Discovery News has ranked Assistant Professor Douglas Clowe's work on dark matter in space as the eighth most important discovery of the decade.
Joseph Shields, professor and chair of physics and astronomy, said of Clowe's distinction, "The recognition of his work by Discovery* is a fitting honor and is consistent with our efforts to foster forefront research and educational opportunities in astrophysics at Ohio University."
The confirmation of dark matter's existence is a major development in astrophysics, though Clowe's research cannot yet explain what dark matter actually is. Prior to this finding, dark matter was only a theoretical concept based on the observation that galaxies only had one-fifth of the visible matter required to create the gravity needed to hold them together.
Shields explained, "We can detect matter in the universe from the light it emits, or from its gravitational influence.
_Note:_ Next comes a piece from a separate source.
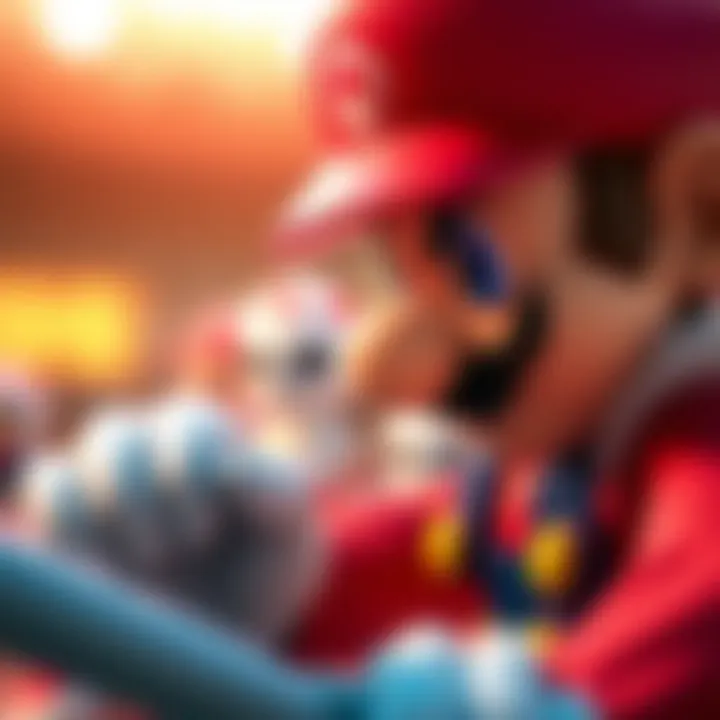 The Intricacies of 64 Super Smash Bros. Summary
The amount of matter we see emitting light is much less than the amount of matter we infer from gravity." Shields continued, "This has motivated the idea that most of the matter in the universe is dark -- in fact, perhaps some type of particle that we have never detected directly on earth. This is a radical idea. The alternative, however, is that we don't really understand gravity on cosmic scales, which is also a radical idea."
Clowe's discovery both confirms dark matter?s existence and conventional perceptions of gravity in astrophysics.
His research uses weak gravitational lensing to study galaxy clusters. One such cluster is where he made his most noted breakthrough. The Bullet Cluster is made up of two smaller groups of galaxies colliding. The impact has resulted in the hot gasses filtering to the center of two groups of stars and matter. Clowe was able to measure the mass of the matter by studying the gravitational bend of light around the stars.
"This is very exciting," Shields said. "Doug is an outstanding scientist, and we?re very happy that he's received this recognition."